I’m lucky in that I have a couple of international clients, so I get to travel, but my priority is to be available to the Experience Design team and be focused on their development.

I often start work early – that’s when I get my best thinking and problem-solving done. Also there aren’t any meetings when there’s no one else in the office.

hannah locke

E: What do you love about your job? What sucks?

HL: Experience design allows you to really understand and solve problems – both for users and for clients. However, this often involves creating additional problems up front by asking “why?” (sometimes an unpopular question). It’s about supporting decisions with evidence, not guesswork.

The best moments are always when you get to talk to clients about who their customers really are and what they need – when you solve a problem because you’ve talked to, tested with and/or observed real users. From web and marketing teams to CEOs, there’s nothing quite like the moment clients see videos of their real customers for the first time and truly understand their needs and pains.

E: What kind of goals do you have? What are the most useful metrics and KPIs for measuring success?

HL: In the world of a/b testing (i.e. of digital interfaces, open rates, campaigns), the metrics are fairly straightforward; does our work increase engagement? Data and UX teams work really closely blending data and research insights to support creative and design work across every channel and platform.

But another goal is moving clients and organisations towards customer-centricity. Our research and deep understanding of customers often leads to organisational change, so hearing clients reference research, quote users or base design decisions on customer as well as business needs is extremely important.

Building the experience vision together with our clients allows us to design truly user-centric solutions that get the right content, communication or experience to the right customer at the right time.

E: What are your favourite tools to help you to get the job done?

HL: It’s not so much about tools as ways of working that help get the job done.

We’re very lucky at Proximity that the space we work in is designed for us; we have a dedicated collaboration space and whiteboard wall, where teams can work together or with clients.

The Experience Design team sits together even when working with individual client teams. We have a strong culture of knowledge sharing and working on proactive R&D projects that meet our professional interests as well as digital industry trends.

And of course we can’t do our job without access to users so we have testing kit that we’ve built in-house and a lab that we partner with for controlled environment testing.

Outside of that, if I have a pen and some strong coffee I feel equipped to respond to any challenge.

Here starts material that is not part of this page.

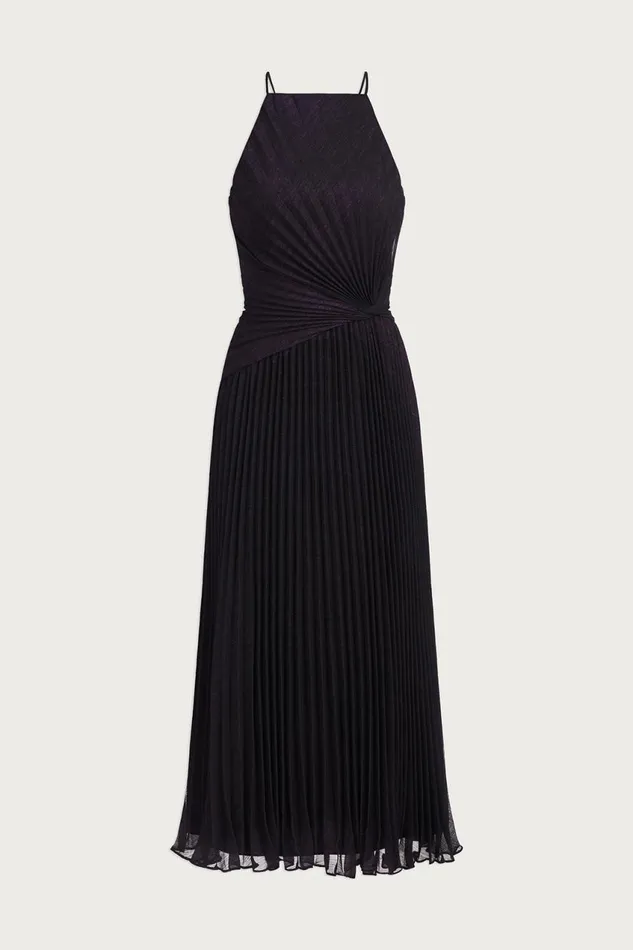 Dresses Women Halston Serenity Dress In Foil Chiffon Blackaubergine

E: How did you land in this role, and where might you go from here?

HL: I’ve worked in a few different UX, service design and digital agencies as well as client side, and joined Proximity in 2014 at a time when marketing was starting to realise the value of building experience design capability in-house and open to developing new methodologies. I’ve been able to do just that and deliver methods training throughout the global network so hope that I am able to continue building out our offering. I’m not really thinking about where I go from here; there is still a lot of work to do!

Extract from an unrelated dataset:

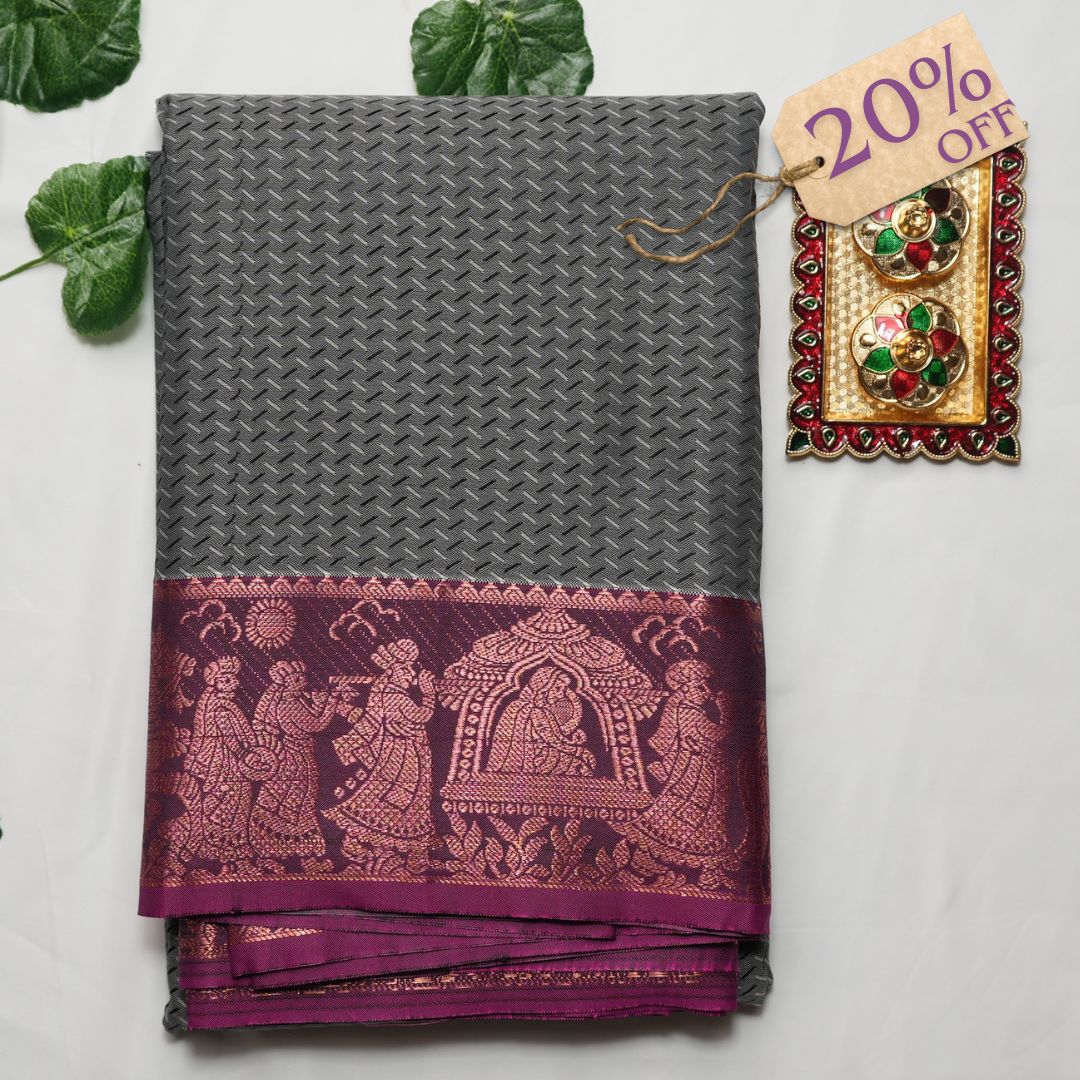 Semi Soft Silk - Pallakku Design | Ash Grey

E: What are your personal favourite customer experiences?

HL: Two main examples:

First, there has been a lot of talk about Monzo, their app and finance industry disruption but what I’ve recently been enjoying is watching the email journey as I am off-boarded from the debit account. The escalation, the targeted messaging answering customer pain points and yes, the poem – made me open every email. Even if I’m not going to “upgrade”, I still have a great impression of Monzo as a human-centred brand.

Second, Treehouse (teamtreehouse.com – because I’m learning to code) – they’ve really understood how humans learn and the psychology of that process; the pain points, and highs and lows of the journey. Not only have they designed that into the interface and their communications, but they use it as part of the on-boarding experience so that the user is prepared for the barriers they will encounter; increasing the likelihood that they will stick with it.

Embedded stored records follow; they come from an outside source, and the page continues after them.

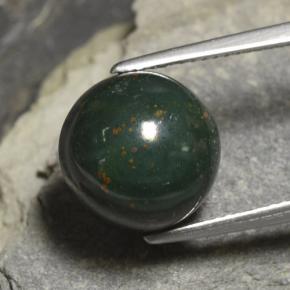 Pedra de sangue verde natural 8,82ct, corte redondo, opaco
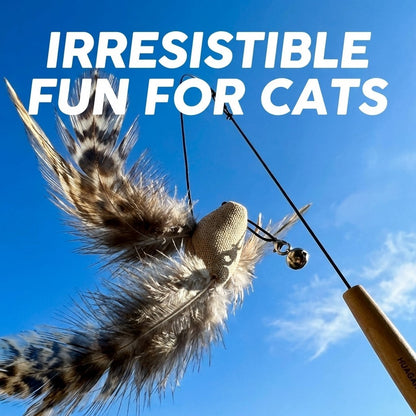 FUREVER365 HM-40 Natural Sisal Feather Cat Teaser - High-Elasticity Steel Wire & Solid Wood Grip Toy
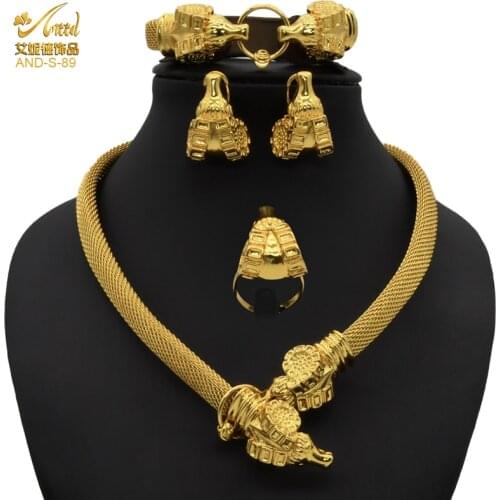 ANIID Nigeria Jewelery Sets Necklace For Women 24K Original Jewelry Earing Ring Pohnpei African Dubai Gold Color Bridal Luxury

E: Do you have any advice for people who want to do what you do?

HL: If you want to lead experience design work and teams you need massive amounts of passion and resilience, in equal measure. Passion keeps you fighting for the best work for clients and users, and resilience keeps you going on occasions when things don’t go to plan.

My role is about supporting the work and the team and turning every challenge into a positive experience that we can build on.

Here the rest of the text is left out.